How to crush your credit card debt when you really can’t afford to

Do you experience sleepless nights over your credit card balance?

Are you only making minimum payments until “extra” cash comes your way?

Is the limit on your card simply not enough to keep up with your costs, and is already maxed out?

If you answered yes or even maybe to any of these questions, you probably can’t afford your credit card debt.

You’re going to be OK. Read on for my best advice on how to crush the debt when you really can’t afford to.

Deal with it, don’t dwell on it

There’s little value you’ll get from beating yourself up over the financial mistakes you’ve made in the past. We’ve all made them. Acknowledge that you have an issue with debt, then move on. It’s time to take action to fix the situation. Once you’ve started making progress on the balances, you’re going to find that your behaviours and thinking around money will start to shift in a positive way. You’ll even start questioning your values, the relationships in your life, and how you’re spending money within your budget (and yes, you need to have a budget!). This is a good thing; a time of reflection.
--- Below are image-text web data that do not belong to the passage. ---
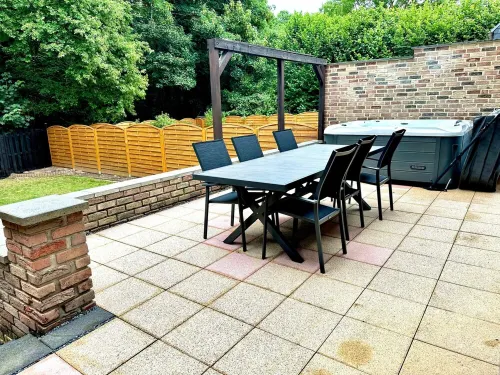 House by the forest with outdoor whirlpool and fireplace Hotels in Stolberg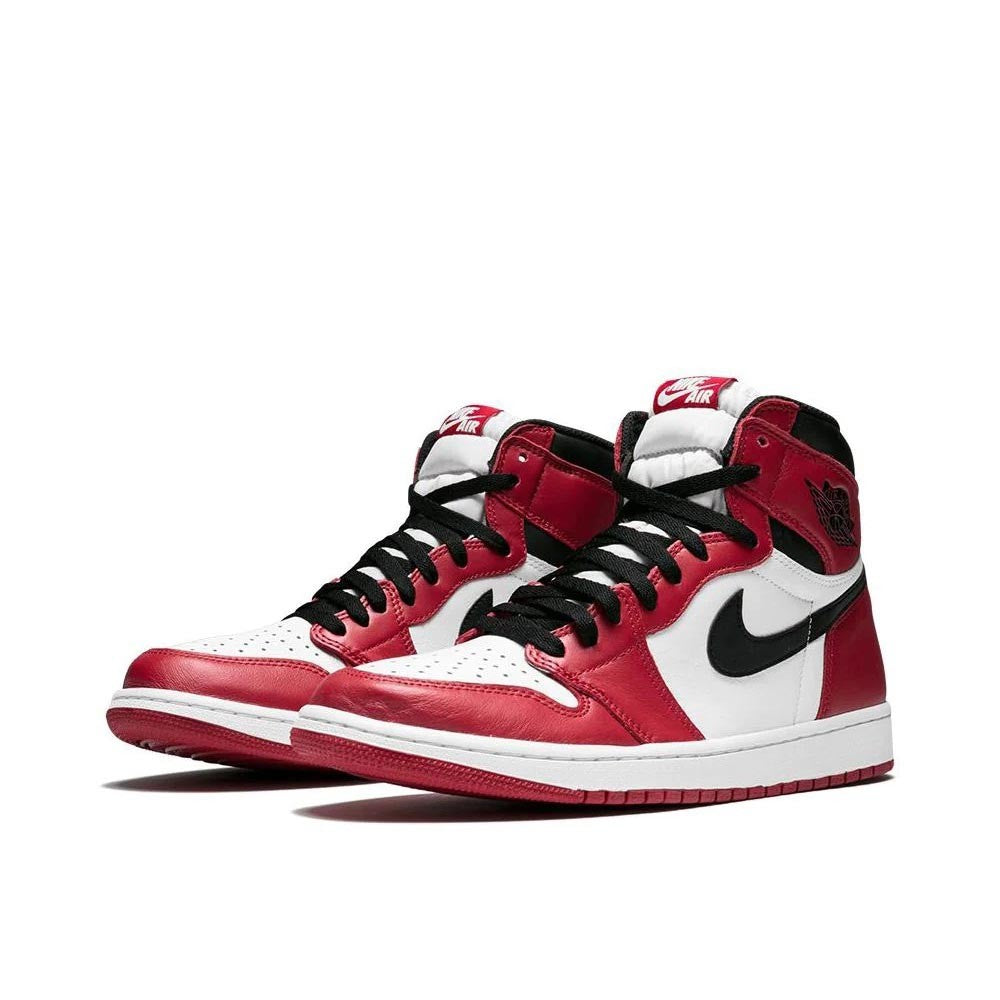 Air Jordan 1 Retro High OG Chicago — view 3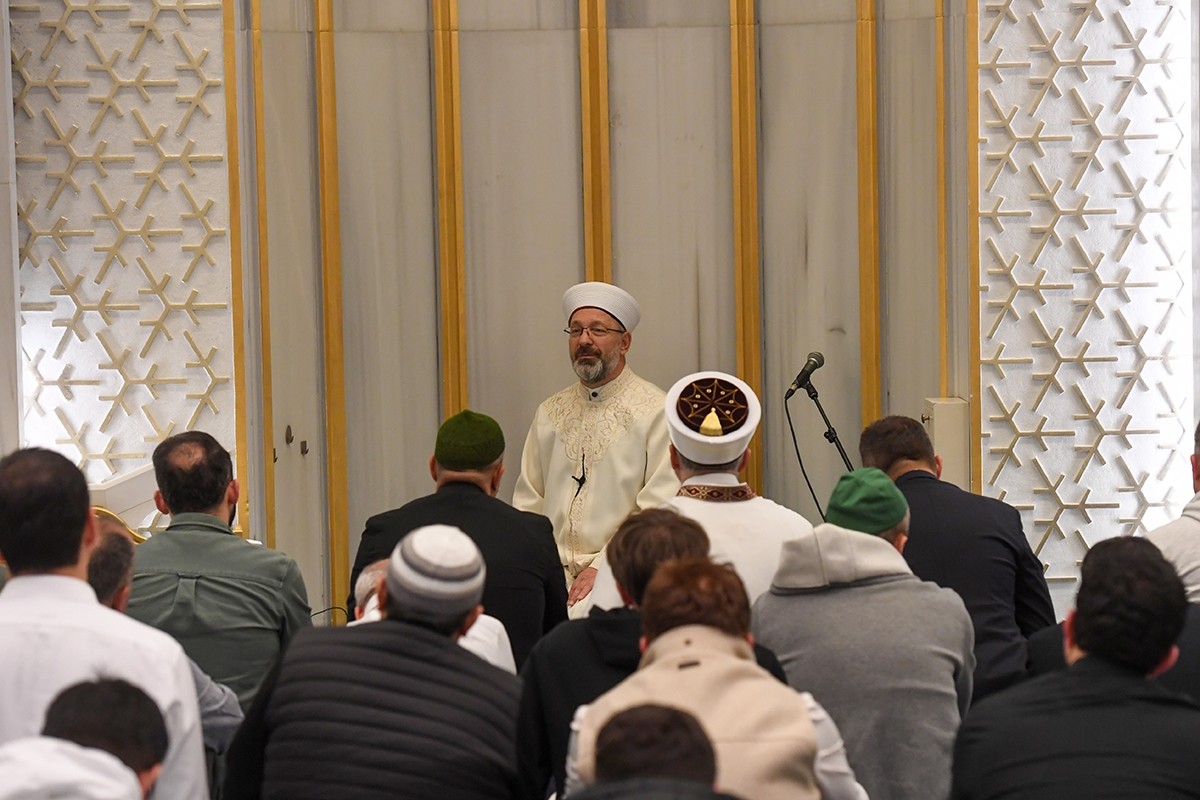 Diyanet İşleri Başkanı Ali Erbaş, Ankara Ahmet Hamdi Akseki Camii’nde teravih namazı kıldırdı....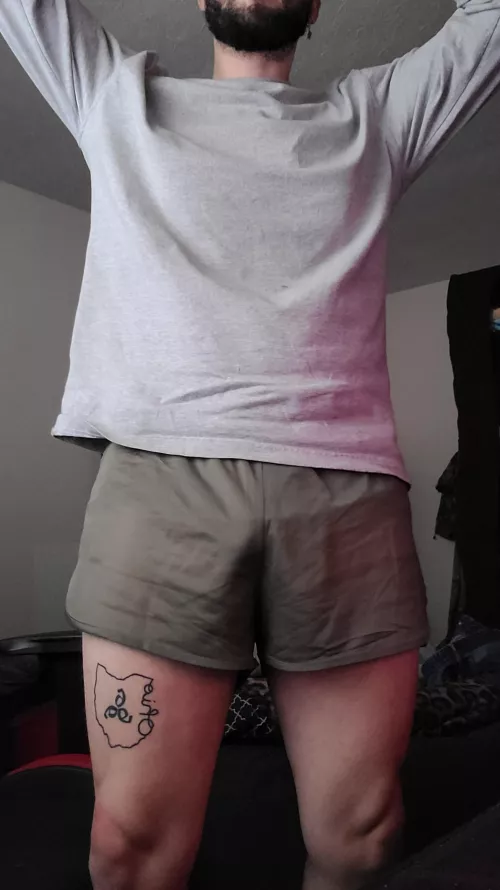 Nothing better than strippin down to the skivs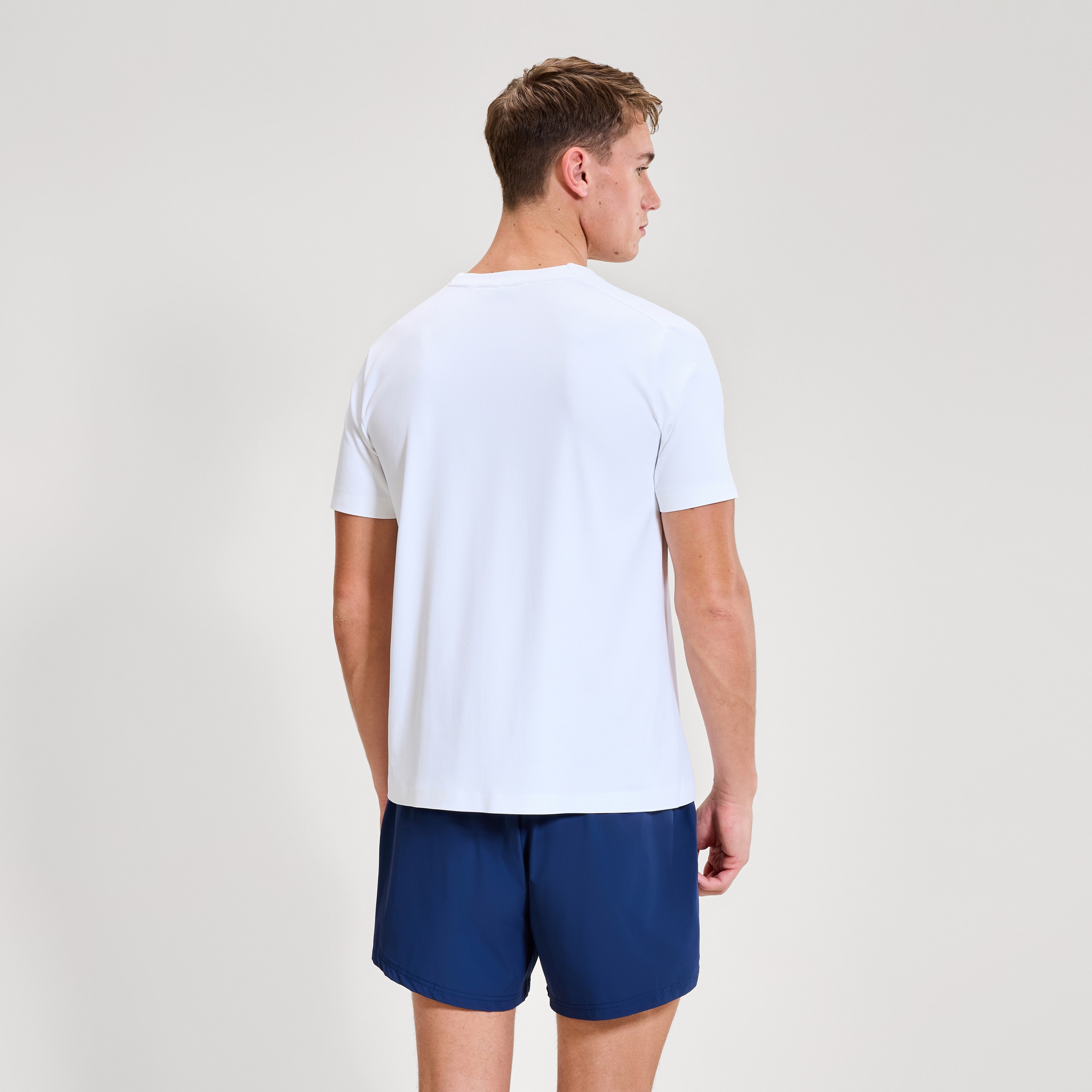 Ellesse Funktionsshirt »TELLER TEE« mit Rundhalsausschnitt, aus Polyamid und Elasthan, Kurzarm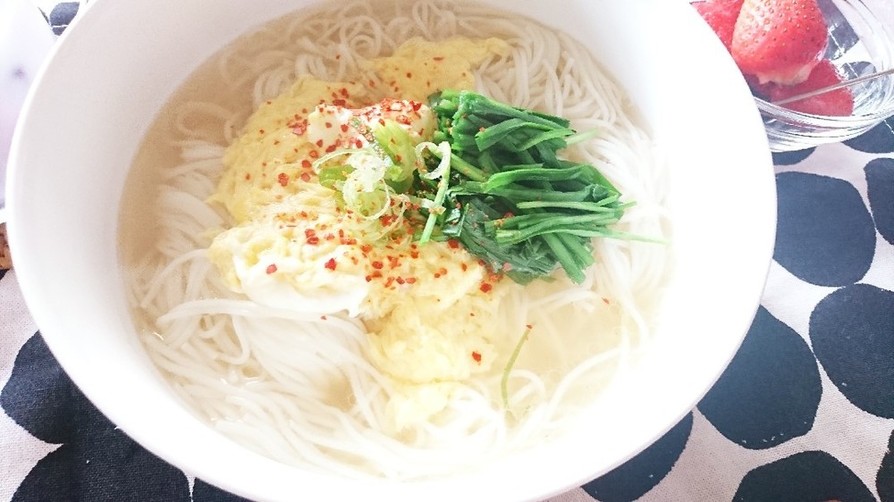 ニラ玉素麺(っ´ω`c)の画像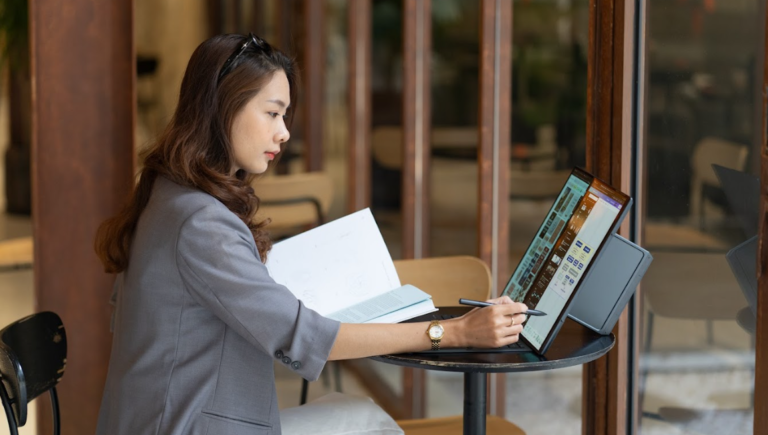 ASUS giới thiệu Zenbook DUO: Laptop 2 màn hình 14″ Lumina OLED đầu tiên tích hợp chip AI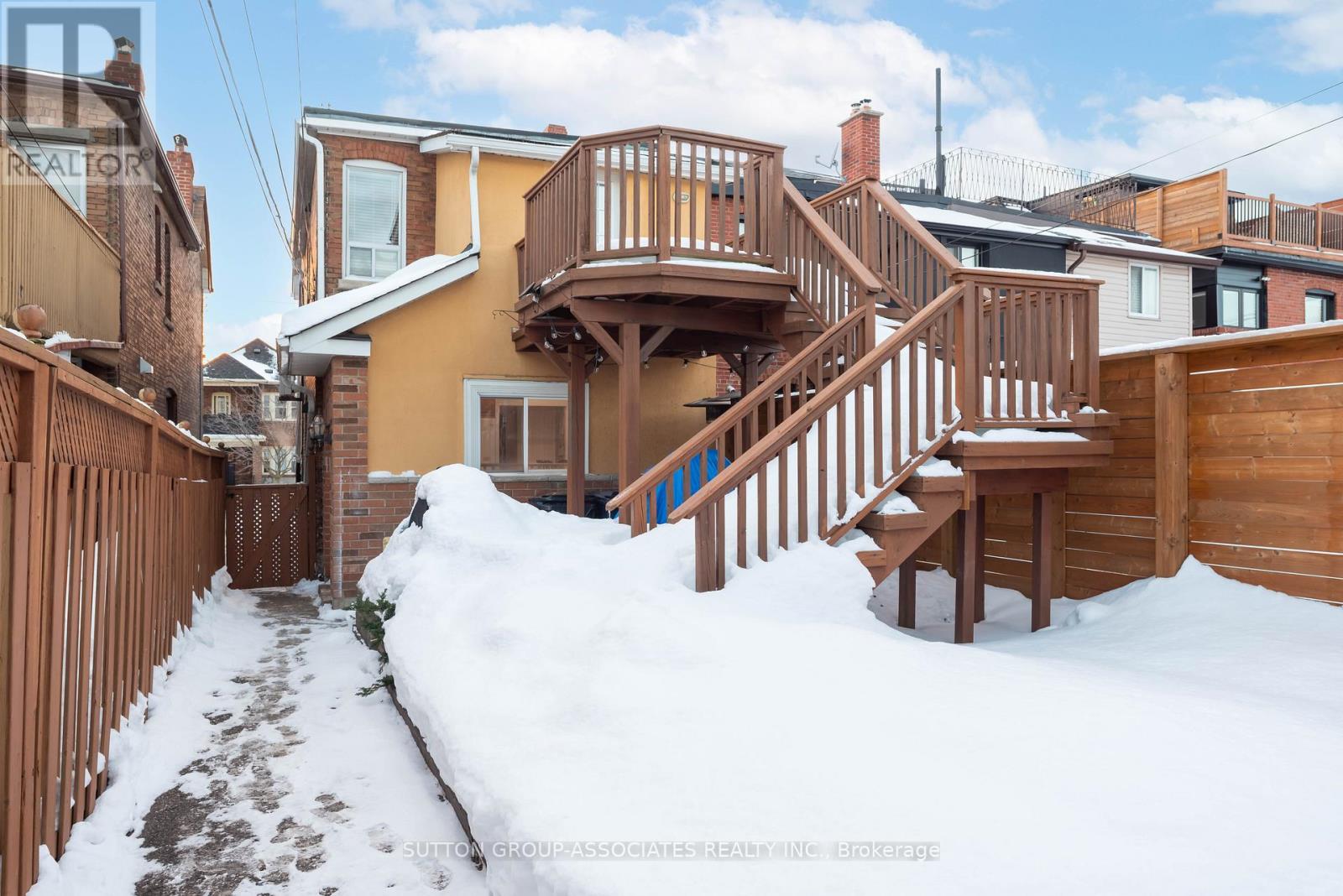 1057 St Clarens Avenue, Toronto, Ontario  M6H 3X8 - Photo 18 - W12757912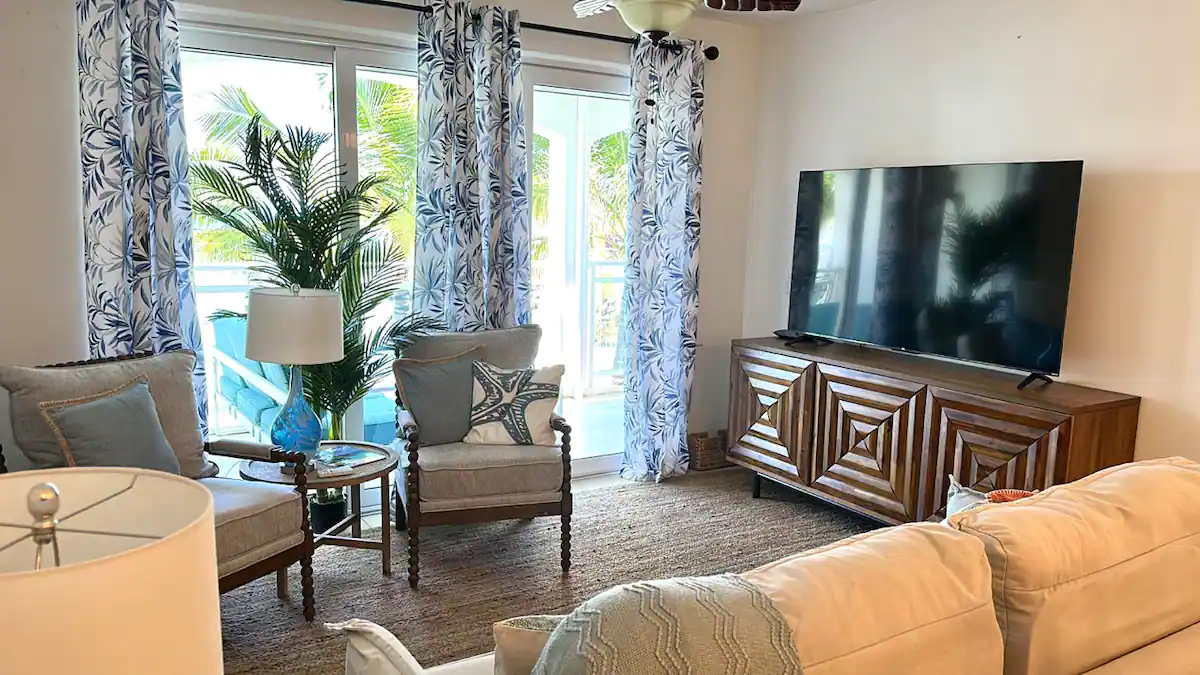 Lux Maho Reef Suite next to The Morgan Resort For Rent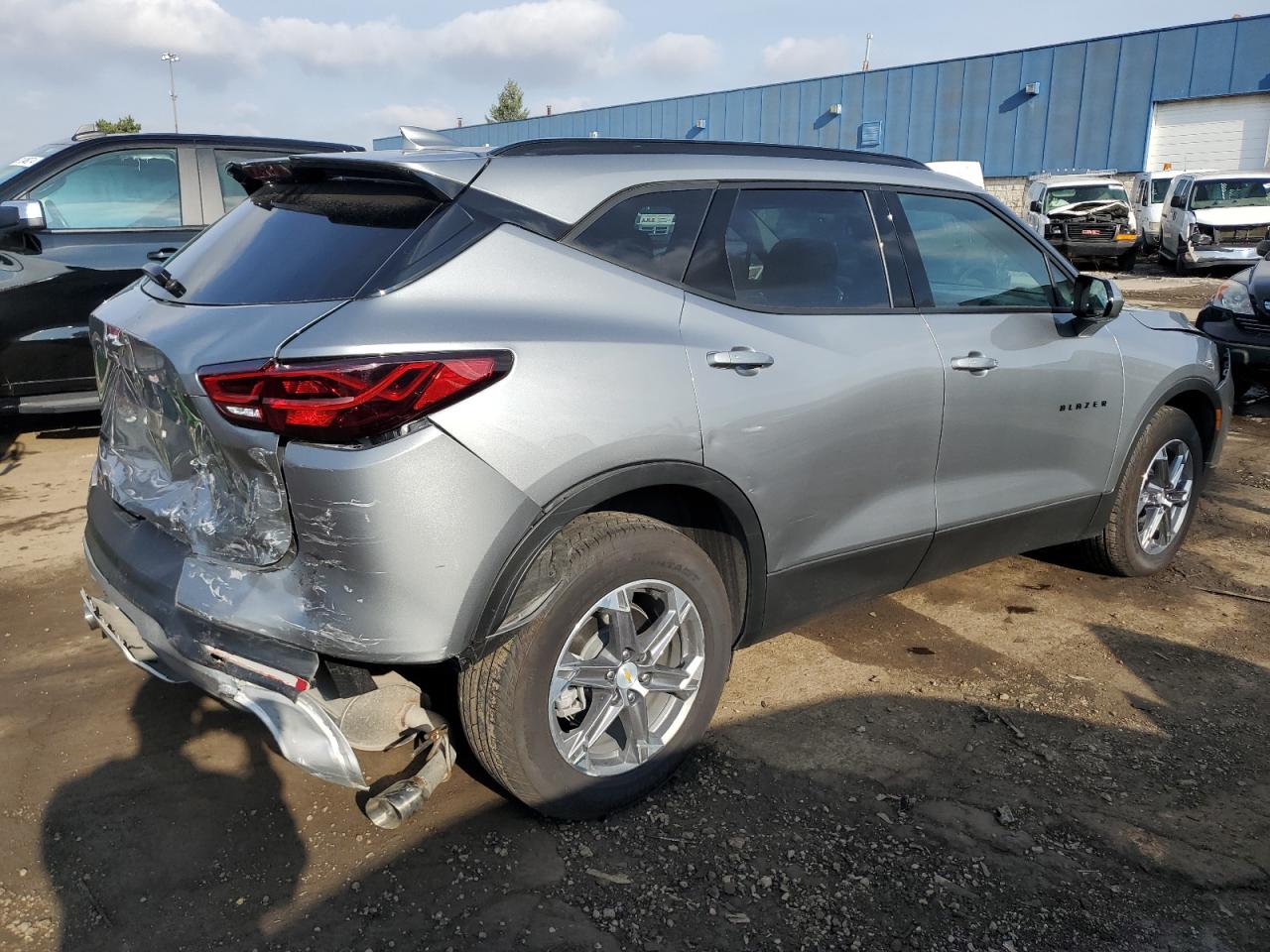 2023 Chevrolet Blazer - Image 3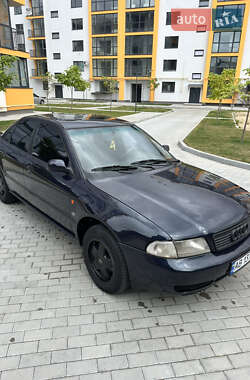 Седан Audi A4 1995 в 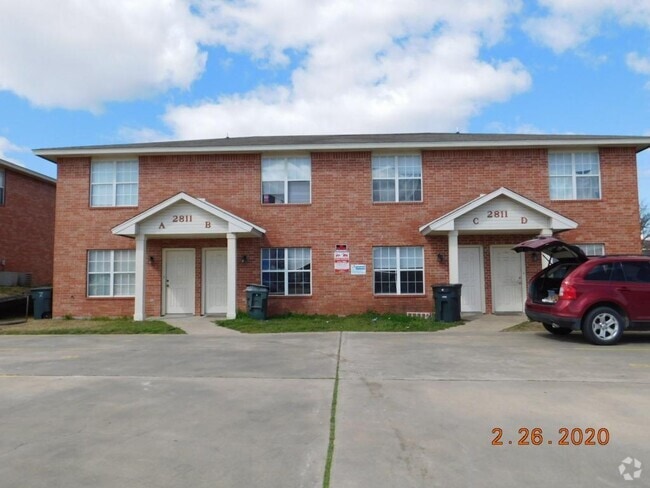 Building Photo - 2811 Cantabrian Dr Rental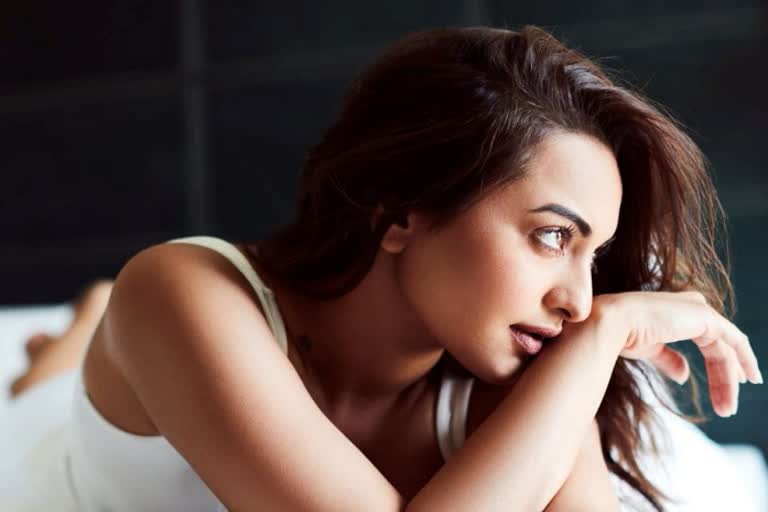 Sonakshi thanks 19 mn Insta fam, reveals what she will do once COVID-19 threat is over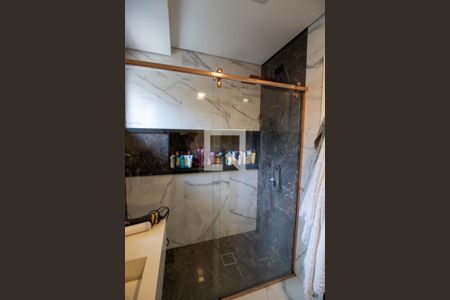 Casa à venda com 220m², 3 quartos e 4 vagasBanheiro do Quarto 1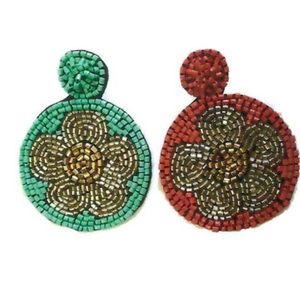 Pendientes de Cuentas de Vidrio Bordadas, Chapados en Oro, para Bodas, Fiestas, Compromisos o Regalos, por MD HANDICRAFTS - Product Image 1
Consolidate to a lower interest rate

Your first money move is to see if you can consolidate all the credit card balances to a lower-rate loan or line of credit. This will bring down the interest costs you pay each month, which means more of your payments will go toward the principal balance rather than interest. Consolidation loans can be tough to qualify for, and so if you are declined on your first application, don’t fret. Take the next six months to make progress on the balances and then try again to consolidate. Don’t keep applying though; this will negatively impact your credit score.

Some people turn to family members to help consolidate their debt balances. This can be a good option, but just be clear with whomever is helping you regarding any strings attached, and draw up a contract. I once mediated between a father and son because of a family loan of this nature, and it ripped their relationship completely apart.

Pay extra on the highest interest balance

Multiple balances? Start paying a bit extra each week on the highest-interest balance. This might mean you’re forgoing takeout in order to apply an extra $25 per week on the card costing 21 per cent interest. Just a few extra dollars weekly is also called the snowball method of repayment. It starts to build significant momentum as the snowball rolls down the hill; in other words, you’re really going to see the balance decline much faster after a few weeks of doing this. Once the highest-interest balance is paid off, apply this method to the next highest-interest balance and so on. The good news is the next card will be even faster to pay off because you’ll have money from the previous card’s payments, plus you’ll have that extra weekly money you can put on it, too. Repeat this until all the balances are paid off. You’ll start to see your credit score climb upwards within about 90 days.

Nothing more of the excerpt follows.